Our journey from La Perla to Guatemala City took four days. Each camioneta we boarded took us closer and closer to the capital. Sometimes we got seats, sometimes we stood. Always we were packed in tight. Each time we passed through an army checkpoint, everyone had to get off the bus, show their papers and answer questions. Dad had taught both of us to speak, read and write Spanish and mom conversed easily with the guards.
Her story was always the same: We were going to live with her sister in Guatemala City. She’d been promised a job in a small hotel there. Maybe that’s why we were always allowed to get back on the bus. Some weren’t.
We reached Antigua the morning of the third day. Te’k Si’m told mom to go from there to San Juan del Obispo, a small Maya town nearby. He had a cousin there, a jeweler who worked in jade and went to market in Guatemala City once a week to sell. We walked from Antigua to San Juan in a few hours and found uncle’s cousin easily. He was going to Guatemala City the next morning and he took us with him.
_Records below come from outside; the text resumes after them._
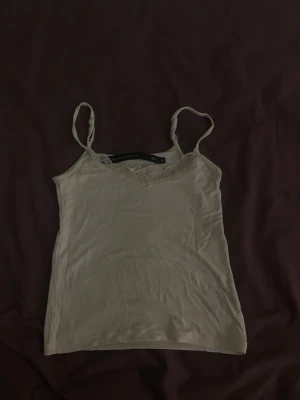 Vit linnetopp med spetsdetalj - Söt vit linnetopp från The Black Label Collection med tunna axelband och v-ringning dekorerad med spets. Perfekt att styla lager på lager eller bära som den är. Enkel och stilren design som passar till mycket.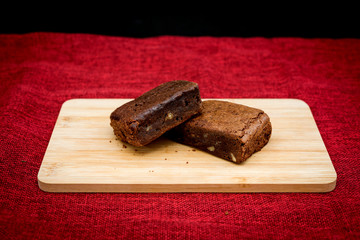Chocolate Brownie cake on a dark plate
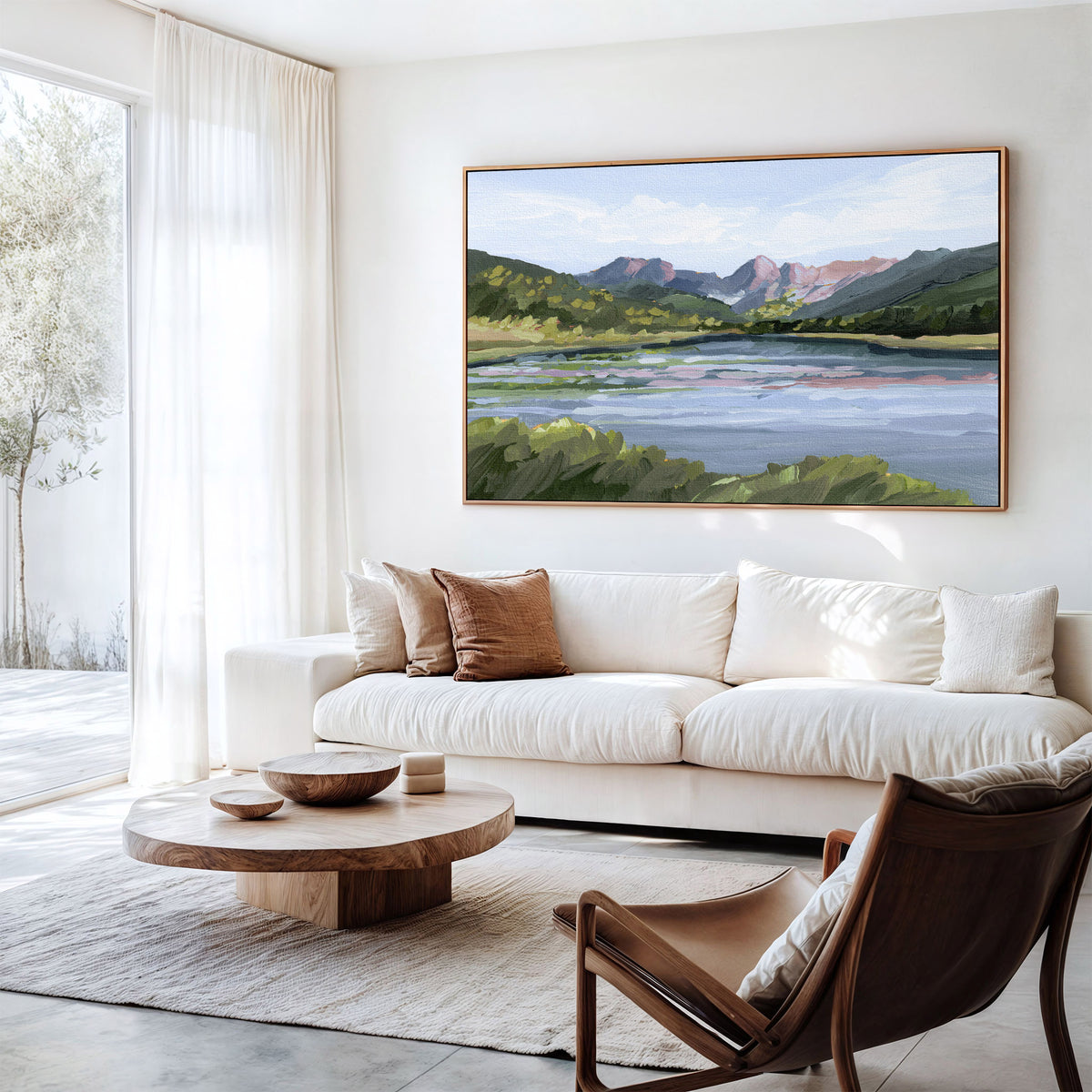 Modern living room with a white sofa, wooden coffee table, and a large landscape painting on the wall.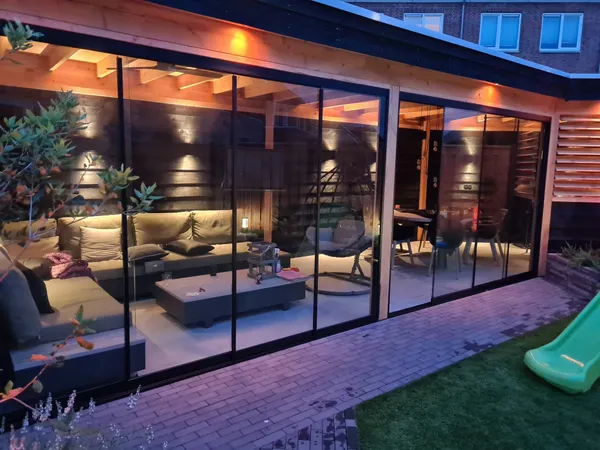 Houten overkapping met glazen schuifwanden en sfeerverlichting.
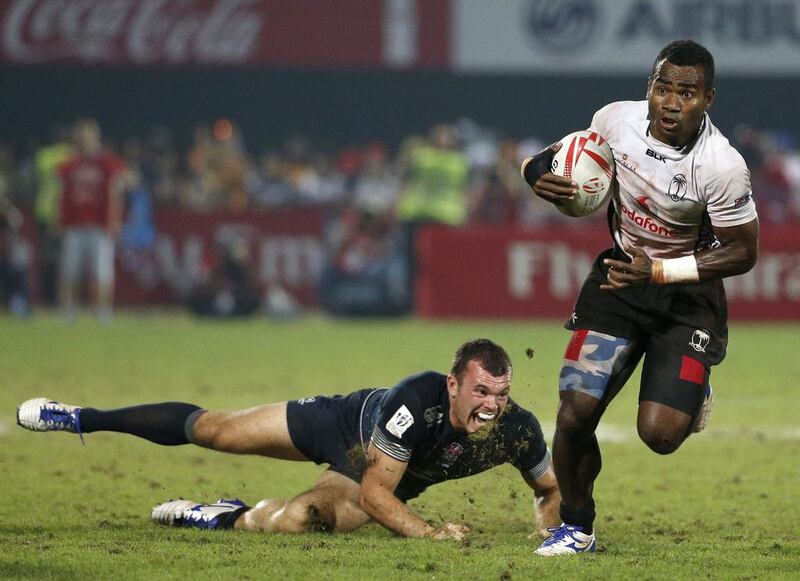 Fiji's Jerry Tuwai avoids the tackle of England's Tom Bowen during their rugby final match in Dubai. World champions Fiji won the Dubai Sevens with a 28-17 victory. AFP 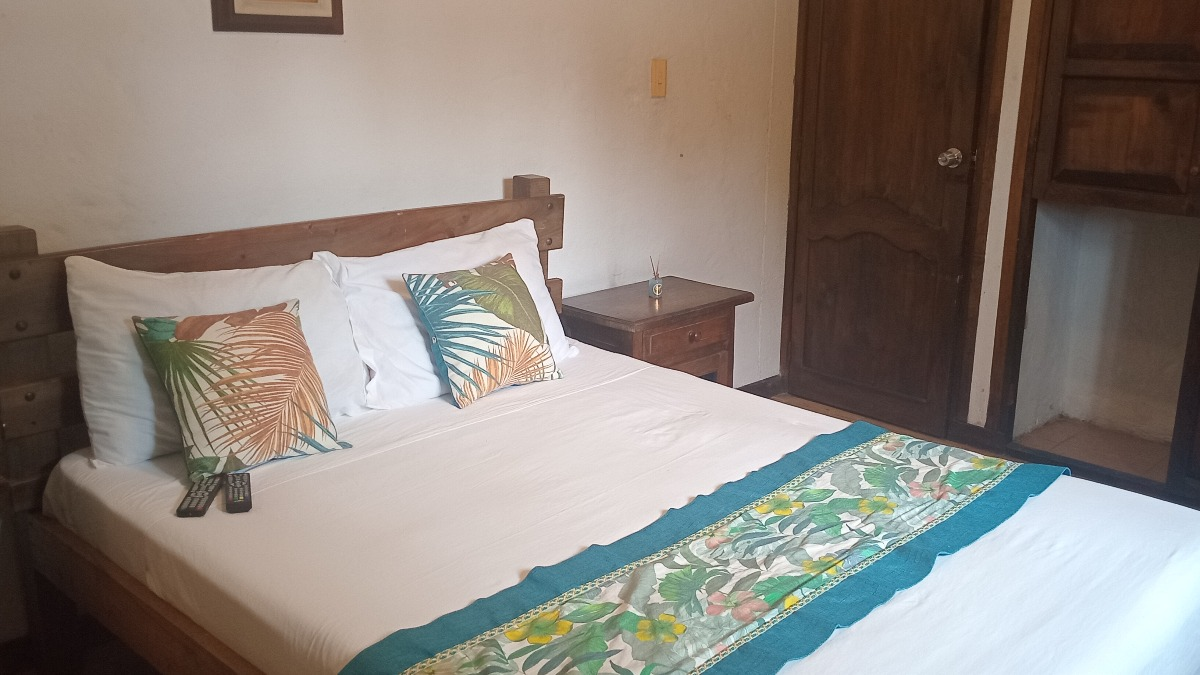 Suite Sencilla - cama con textiles tropicales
Morgan was back. Lucas listened to her drop the car keys on a small side table near the front door, then take off her boots. She came into the kitchen and put on the kettle before sitting down beside him.
“Sweetheart, did you get some sleep?”
“I got a little. I’ve been writing about my family. Our time in Guatemala.”
“I’m here, if you want to talk.”
“I know. I was just going to write about how mom and I escaped from Guatemala. Did I ever tell you about the day we came to Canada?”
“No.”
“Remember when we visited Guatemala City and we stayed in that small hotel in Zone 10.”
“I’ll never forget that—gated houses in a gated zone.”
“The Canadian Embassy used to be in Zone 9, right next door.”
“Zone 9 is very modern.”
“With the help of an uncle of mom’s, we made it to San Juan del Obispo, a Maya town just outside of Antigua. The next day, a jeweler that uncle had put us in touch with, drove us from there to Guatemala City. Our destination was an area of poor barrios in the north of the city, Zone 1, the old city. Mom had heard that thousands of homeless were living there
and she thought we could hide there and be safe, at least until the civil war was over.”
“There’d been a major earthquake in Guatemala City seven years before. The government didn’t have the capacity to deal with a catastrophe of that magnitude. Thousands died in the quake and it left over a million homeless. People were still living amongst the rubble. Add to that the thousands more, like mom and I, who had come from the highlands to escape the bloodshed. Flimsy huts covered every habitable square inch, made from everything imaginable.”
“Had your mom ever been to Guatemala City?”
“No.”
“It must have been overwhelming for her.”
“I think so. So many people, the desperation of the whole scene and ours as well. We walked around and around for hours, looking for help, or someone who could give us some direction. There were people trying to organize the homeless. Mom found one couple and talked with them for a long time.
That first night, we slept with strangers, all of us huddled together in an alley against a wall. The next morning, with the last of the money she had, mom bought us tortillas. Then she told me we were going to go to the Canadian Embassy and ask to be admitted to Canada as refugees. She’d asked the jeweler to show her where the Embassy was, just in case.
“But why did she choose Canada?”
“Many went to Mexico and many went to the US. Both were close. But mom reasoned that since Father Gurriarán had studied the cooperative movement at a Canadian University, Canada would be a safe place to go.”
“So, your mom told you that you were leaving Guatemala.”
“Yes. That day.”
“Your mom was a courageous woman, sweetheart.”